The Church of England (CoE) has banished oil majors Shell and BP from its portfolio, but who else has the conviction will follow?

By Hannah Duncan

CoE pension, Shell, BP, divestment, net zero
Seen the light. The Church of England (CoE) has banished oil majors Shell and BP from its portfolio. (Photo by Cecilia Bisbal via Shutterstock)
  • $1.4trn of oil and gas assets will be stranded by 2036, but pensions like USS continue to invest in Shell in the hope active engagement works.
  • Already this year, Shell has spent $1.98m lobbying for oil and gas in the US, indicating where its priorities lay.
  • Shell admits that 2050 net zero targets are outside their “planning period”. So, what justification do asset owners have in thinking they are on target? 

When is enough, enough?

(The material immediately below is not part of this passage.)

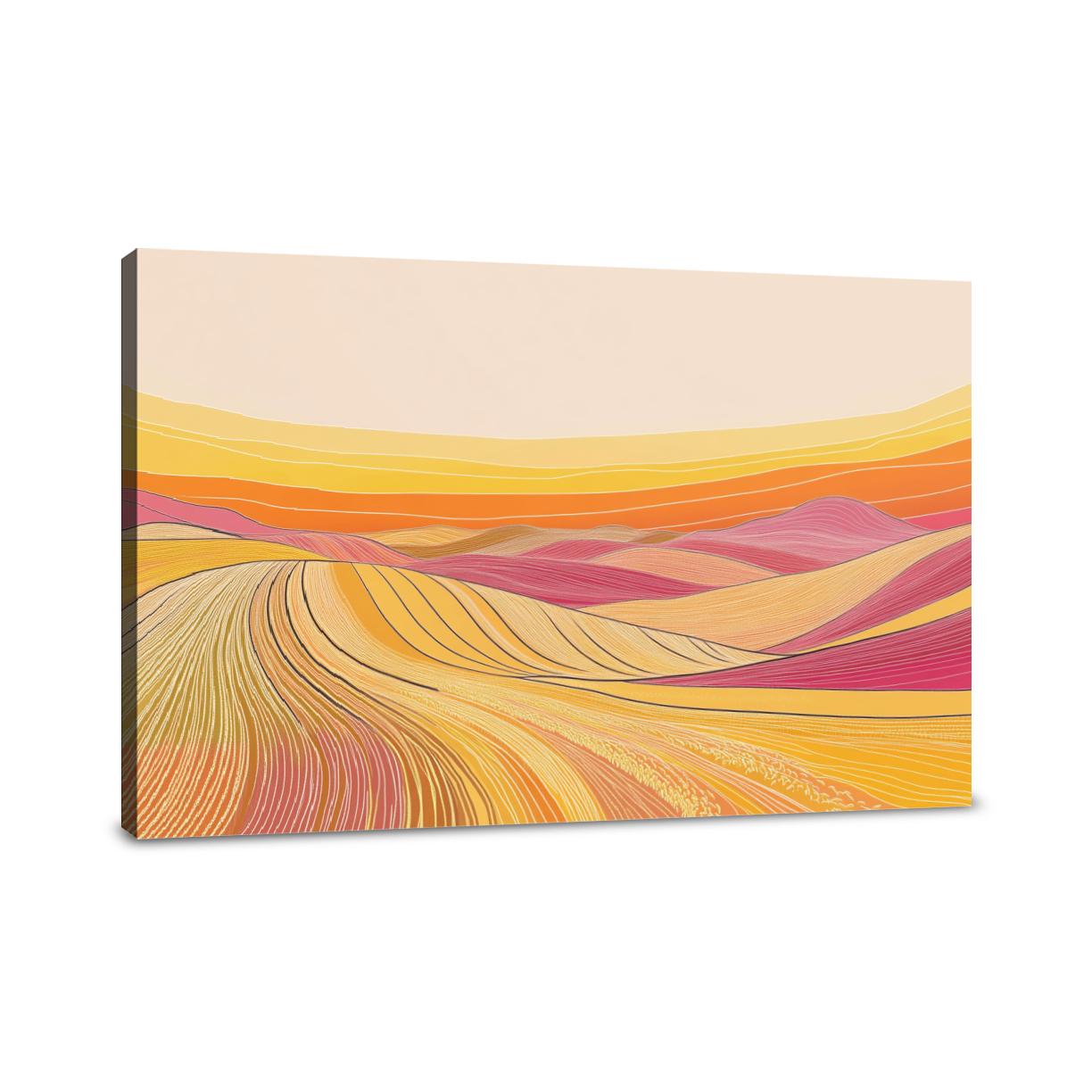 Rapeseed Sunset Canvas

For the Church of England (CoE), it’s after half a decade of failed engagement. At the end of June, an exasperated Church pension board and the Church Commissioners exiled oil conglomerates Shell and BP from their portfolios.

“We’ve given them ample time,” says Olga Hancock, head of responsible investment at the Church Commissioners for England. The engagement had been “very long, well thought through, and thorough…There’s not much more we could have done.”

In 2018, the Church set a five-year deadline to divest from fossil fuel companies not aligned to the Paris Agreement. Shell is one of 31 that has been ousted, as the investment bodies do not believe it will meet its goals.

Just £1.35m was divested from Shell, a modest sum. But the signal it sends around the world is hopefully not so modest.

“The soft power aspect of it is incredibly significant,” Hancock elaborates. As a spiritual leader, the CoE has influence. And when the church condemns a stock, it gets noticed. “Normally what we do, other investors and asset managers follow along in the years to come,” she adds.

Head of sustainable investment for Quilter Cheviot, Claudia Quiroz, agrees. She comes across clients and organisations whose “criteria need to be aligned with the Church of England criteria”. Could the CoE divestment trigger a spiritual snowball?

How will other pension funds react?

So far, Shell’s stock has remained buoyant, but it’s been a shaky period for the oil and gas company. To the best of Capital Monitor’s knowledge, no pension fund has yet publicly followed CoE’s path.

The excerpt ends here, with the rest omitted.